Synthetic observations of internal gravity waves in the solar atmosphere (1912.06435v1)

Abstract: We study the properties of internal gravity waves (IGWs) detected in synthetic observations that are obtained from realistic numerical simulation of the solar atmosphere. We used four different simulations of the solar magneto-convection performed using the CO5BOLD code. A magnetic-field-free model and three magnetic models were simulated. The latter three models start with an initial vertical, homogeneous field of 10, 50, and 100 G magnetic flux density, representing different regions of the quiet solar surface.
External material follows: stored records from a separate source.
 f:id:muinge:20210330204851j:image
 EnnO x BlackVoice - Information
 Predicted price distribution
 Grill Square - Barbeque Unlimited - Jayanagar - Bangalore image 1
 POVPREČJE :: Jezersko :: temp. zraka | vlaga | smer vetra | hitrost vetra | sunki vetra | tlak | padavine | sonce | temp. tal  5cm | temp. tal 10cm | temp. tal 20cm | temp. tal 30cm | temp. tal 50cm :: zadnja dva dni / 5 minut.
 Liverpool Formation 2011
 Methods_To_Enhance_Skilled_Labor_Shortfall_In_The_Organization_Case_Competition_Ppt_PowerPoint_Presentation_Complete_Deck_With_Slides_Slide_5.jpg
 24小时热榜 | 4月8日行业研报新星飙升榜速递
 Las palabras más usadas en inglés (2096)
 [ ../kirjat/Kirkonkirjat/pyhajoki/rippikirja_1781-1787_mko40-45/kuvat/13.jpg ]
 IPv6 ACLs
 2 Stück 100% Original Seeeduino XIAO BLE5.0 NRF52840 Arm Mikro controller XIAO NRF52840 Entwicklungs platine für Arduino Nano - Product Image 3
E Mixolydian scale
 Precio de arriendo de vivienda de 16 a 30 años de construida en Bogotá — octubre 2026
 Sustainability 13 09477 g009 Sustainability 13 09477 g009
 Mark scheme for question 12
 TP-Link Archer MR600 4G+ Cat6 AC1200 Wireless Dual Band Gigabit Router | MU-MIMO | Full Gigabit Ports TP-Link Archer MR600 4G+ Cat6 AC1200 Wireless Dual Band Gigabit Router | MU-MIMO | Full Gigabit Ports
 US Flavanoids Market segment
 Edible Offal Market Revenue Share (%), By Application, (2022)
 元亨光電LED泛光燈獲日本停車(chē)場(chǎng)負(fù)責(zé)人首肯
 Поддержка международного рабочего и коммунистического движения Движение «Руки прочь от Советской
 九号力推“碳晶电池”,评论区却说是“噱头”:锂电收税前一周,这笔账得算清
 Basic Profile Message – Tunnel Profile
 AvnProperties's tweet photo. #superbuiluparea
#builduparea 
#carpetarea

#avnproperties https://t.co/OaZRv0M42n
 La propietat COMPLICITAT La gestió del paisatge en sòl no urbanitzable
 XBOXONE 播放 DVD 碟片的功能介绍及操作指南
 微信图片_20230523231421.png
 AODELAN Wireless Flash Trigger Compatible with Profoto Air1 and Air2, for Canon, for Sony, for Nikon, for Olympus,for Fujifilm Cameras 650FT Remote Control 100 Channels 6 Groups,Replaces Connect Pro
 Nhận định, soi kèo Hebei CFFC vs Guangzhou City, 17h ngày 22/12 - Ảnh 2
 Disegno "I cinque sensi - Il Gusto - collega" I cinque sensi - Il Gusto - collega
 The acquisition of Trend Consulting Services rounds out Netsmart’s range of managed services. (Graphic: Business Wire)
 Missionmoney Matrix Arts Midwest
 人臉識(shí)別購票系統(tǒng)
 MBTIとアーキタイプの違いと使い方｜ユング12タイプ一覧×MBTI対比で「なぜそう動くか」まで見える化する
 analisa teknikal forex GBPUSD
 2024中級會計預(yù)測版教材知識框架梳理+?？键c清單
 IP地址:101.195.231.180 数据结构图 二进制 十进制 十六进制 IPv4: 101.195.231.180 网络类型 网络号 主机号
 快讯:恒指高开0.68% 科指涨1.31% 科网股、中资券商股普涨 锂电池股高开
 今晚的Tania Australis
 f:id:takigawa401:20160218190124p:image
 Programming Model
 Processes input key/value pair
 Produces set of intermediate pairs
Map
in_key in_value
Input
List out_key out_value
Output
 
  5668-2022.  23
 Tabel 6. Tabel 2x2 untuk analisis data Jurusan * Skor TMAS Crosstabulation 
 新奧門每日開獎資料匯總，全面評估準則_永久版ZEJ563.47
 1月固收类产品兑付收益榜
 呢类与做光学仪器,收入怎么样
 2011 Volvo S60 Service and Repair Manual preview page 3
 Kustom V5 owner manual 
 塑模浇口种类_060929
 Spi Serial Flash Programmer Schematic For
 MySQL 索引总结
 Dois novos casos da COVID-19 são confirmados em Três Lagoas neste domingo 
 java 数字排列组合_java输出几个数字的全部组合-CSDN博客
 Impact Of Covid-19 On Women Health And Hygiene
We used the NICOLE code to compute synthetic spectral maps from all the simulated models for the two magnetically insensitive neutral iron lines Fe I 5434 {\AA} and 5576 {\AA}. We find the signatures of the internal gravity waves in the synthetic spectra to be consistent with observations of the real Sun. The phase differences obtained using the spectral lines are significantly different from the phase differences in the simulation. The phase coherency between two atmospheric layers in the gravity wave regime is height dependent and is seen to decrease with the travel distance between the observed layers. We conclude that the energy flux of IGWs determined from the phase difference analysis may be overestimated by an order of magnitude. Spectral lines that are weak and less temperature sensitive may be better suited to detecting internal waves and accurately determining their energy flux in the solar atmosphere.